Information shown >>
──────

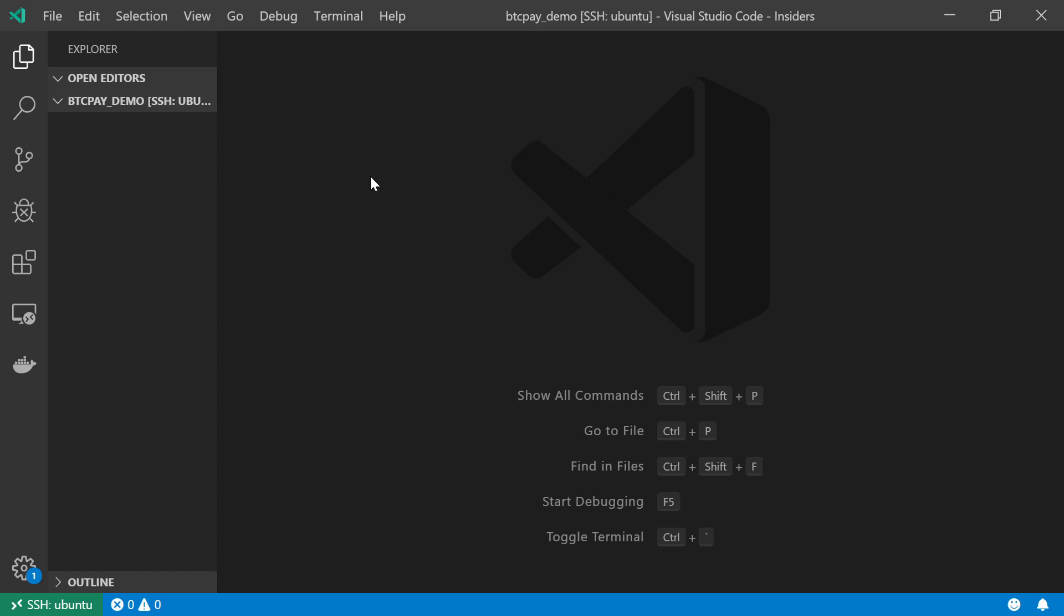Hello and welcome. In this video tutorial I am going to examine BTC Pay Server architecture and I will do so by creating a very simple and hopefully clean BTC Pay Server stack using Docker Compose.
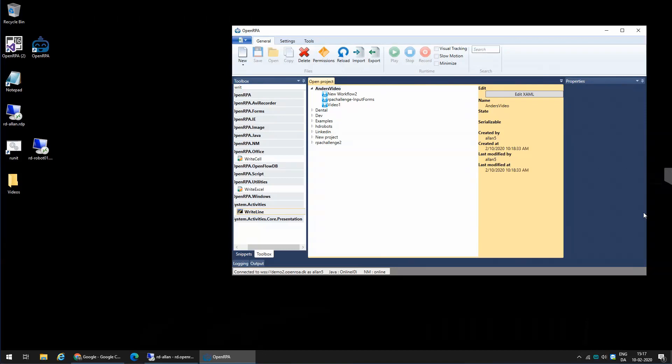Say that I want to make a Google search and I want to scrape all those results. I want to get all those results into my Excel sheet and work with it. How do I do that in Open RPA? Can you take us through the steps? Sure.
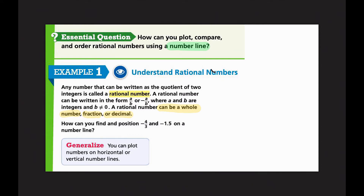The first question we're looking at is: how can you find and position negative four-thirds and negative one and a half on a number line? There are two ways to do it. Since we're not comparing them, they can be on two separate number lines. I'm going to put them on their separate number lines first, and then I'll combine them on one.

──────

Your goal >> Your reply should be the full data above, copied exactly, with no pictures in it.

Problem solution >>
Hello and welcome. In this video tutorial I am going to examine BTC Pay Server architecture and I will do so by creating a very simple and hopefully clean BTC Pay Server stack using Docker Compose.
Say that I want to make a Google search and I want to scrape all those results. I want to get all those results into my Excel sheet and work with it. How do I do that in Open RPA? Can you take us through the steps? Sure.
The first question we're looking at is: how can you find and position negative four-thirds and negative one and a half on a number line? There are two ways to do it. Since we're not comparing them, they can be on two separate number lines. I'm going to put them on their separate number lines first, and then I'll combine them on one.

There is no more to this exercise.